Tinoco tells McCain he's doing research for a science project, but he doesn't seem keyed up about this special attention from a potential first lady touring classrooms as if she were a confident but mild-mannered elementary-school teacher who has been in the trenches for years. In a sense, she has been.
''OK, Trouble, what's up?'' McCain, long blonde hair pinned back and pearls ringing her thin neck, says to a boy who raises his hand to ask a question later in the afternoon.
``Will you ever come back here?''
''If you'll have me,'' she says with a warm smile.
The Arizona heiress with seven homes has traveled the globe for years doing humanitarian work, mostly aiding children and quietly donating plenty of money from a fortune estimated at $100 million. She may be the wife of a senator and presidential candidate, but from the time John McCain was elected to Congress in 1982, she has preferred to keep out of the political limelight. Spending time with kids -- her four and the countless others with whom she has connected in orphanages and medical facilities -- is how she feels most at ease.
As the campaign has heated up, McCain, 54, whom friends characterize as ''shy'' and ''reserved,'' has gone into hyper-guarded mode, tirelessly stumping for her husband (they met at a party in Hawaii when she was 24 and he was 42 and in a shaky marriage), but saying no to many media interviews.
The woman whose father built a fortune from the ground up with a beer distributorship and whose mother instilled proper Southern ways is worn out by impolite journalists.
As a public figure whose profile could climb even more dramatically in a few weeks, McCain would do well to toughen up.
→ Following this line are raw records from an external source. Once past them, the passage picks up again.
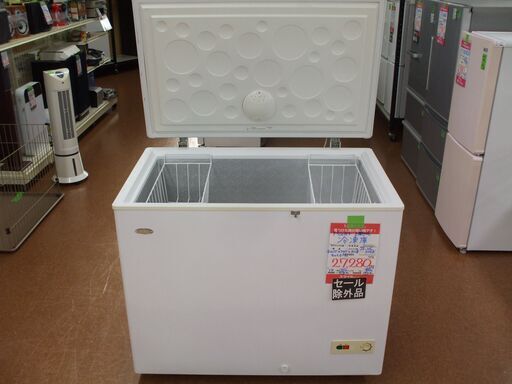 Haier 電気冷凍庫 JF-NC319A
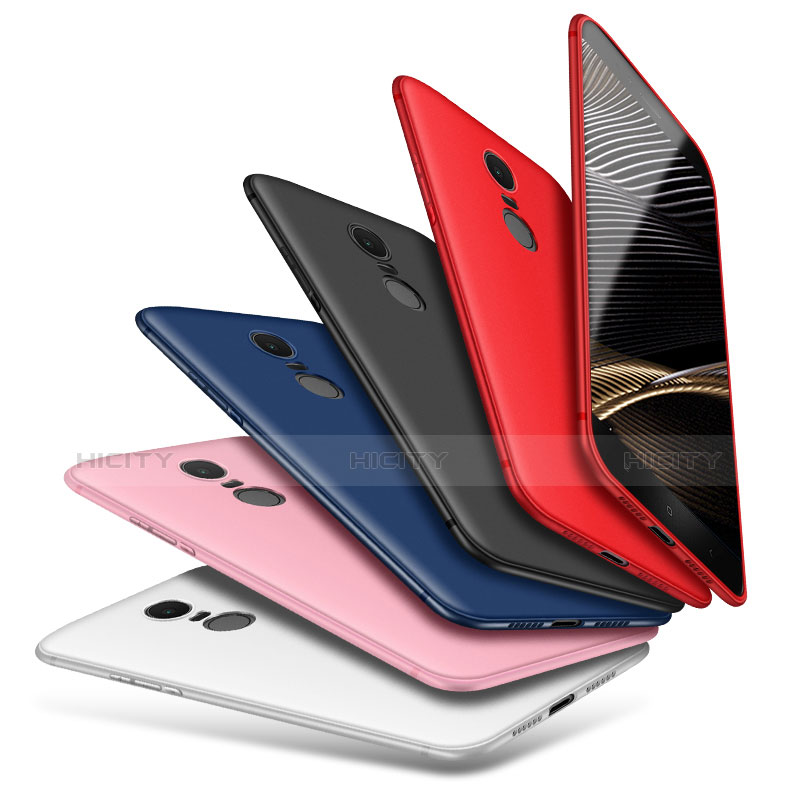 Silikon Hülle Handyhülle Ultra Dünn Schutzhülle Tasche S01 für Xiaomi Redmi Note 4 Standard Edition groß
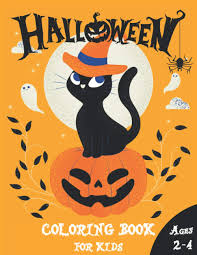 Print our free thanksgiving coloring pages to keep kids of all ages entertained this novem. Halloween Coloring Book For Kids Ages 2 4 Happy Halloween Coloring Book For Toddlers And Preschool A Fun Children Coloring Book For Halloween Gift For Boys And Girls Ages 2 4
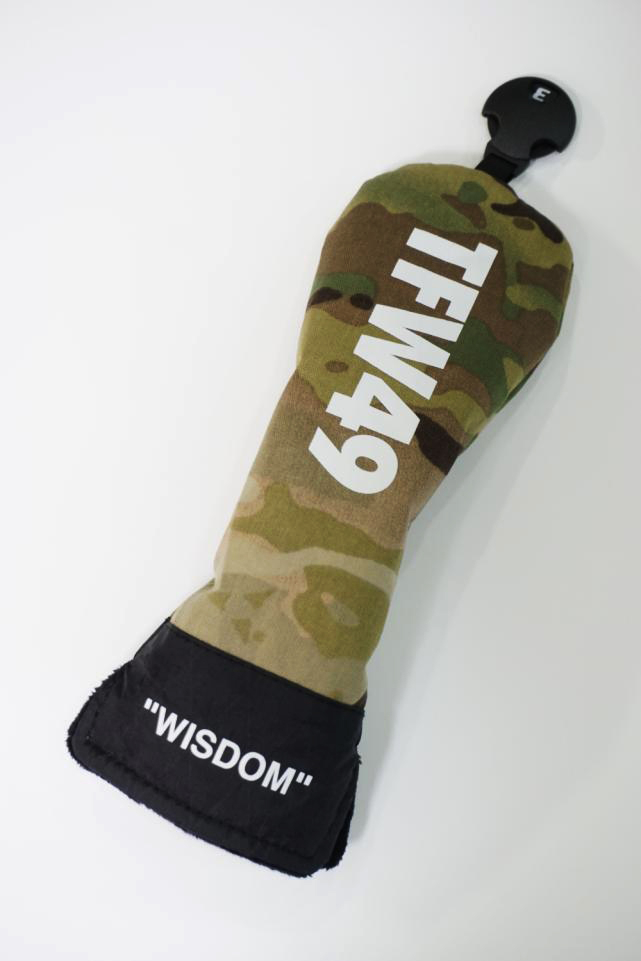 TFW49 ティーエフダブリューフォーティーナイン T132422004 X-PACK HEAD COVER UT UT用ヘッドカバー CAMO 正規通販 ゴルフ メンズ レディース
But it's obvious she values old-school decorum. She has perfect posture, a polite manner, a certain poise when she refuses to go beyond the surface in answers to even the most softball questions.
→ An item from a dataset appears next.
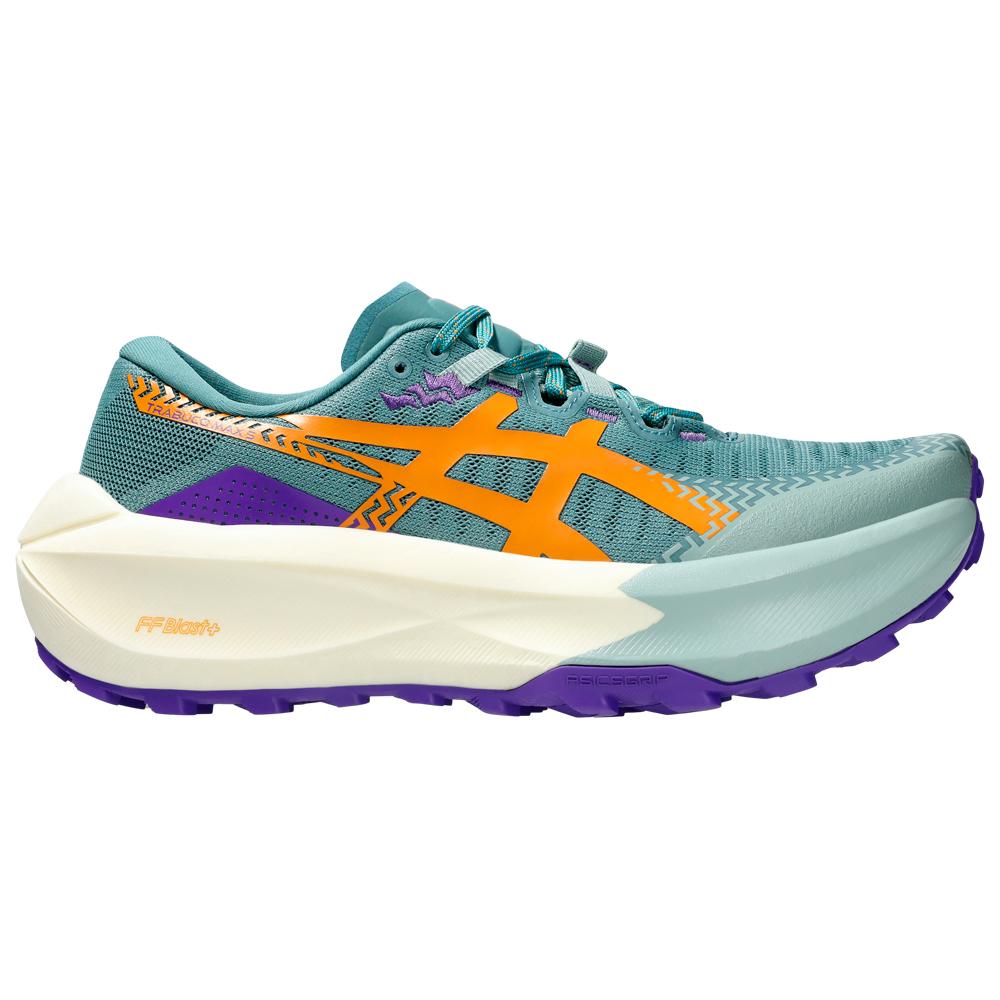 Asics - Trabuco Max 5 Wmn Foggy Teal Radiant Amethyst - 41.5 - Trail shoes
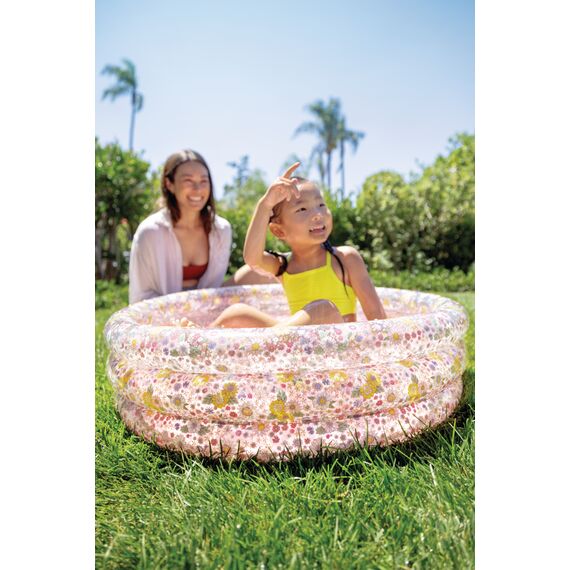 INTEX - Sweet Blossom Baby Pool, 86x25 cm (58427) / Toys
If her husband is elected president, will McCain be OK with moving to the city she has avoided for so long? ''I would be happy to,'' she says, even though she once refused to live in Washington and instead raised her children, mostly by herself, in Phoenix, her home town. ''And it was the right thing to do,'' she says. ``Washington for many reasons is not the greatest place to raise a family, particularly doing what we were doing. It was much harder for my husband, because he was the one who had to commute home every weekend.''
FOUR CHILDREN
The McCains' children are Meghan, 23; Jack, 22; Jimmy, 20; and Bridget, 17. By now, the story of how the couple came to adopt their youngest is well known, told at the Republican National Convention and in every media profile:
Cindy was visiting Mother Teresa's orphanage in Bangladesh and wound up returning home with two baby girls who needed immediate medical attention. By the time her plane landed, she had decided they would keep the one who had a cleft palate and required a series of surgeries. The other child was adopted by John McCain aide Wes Gullett and his former wife, Pam Petersen.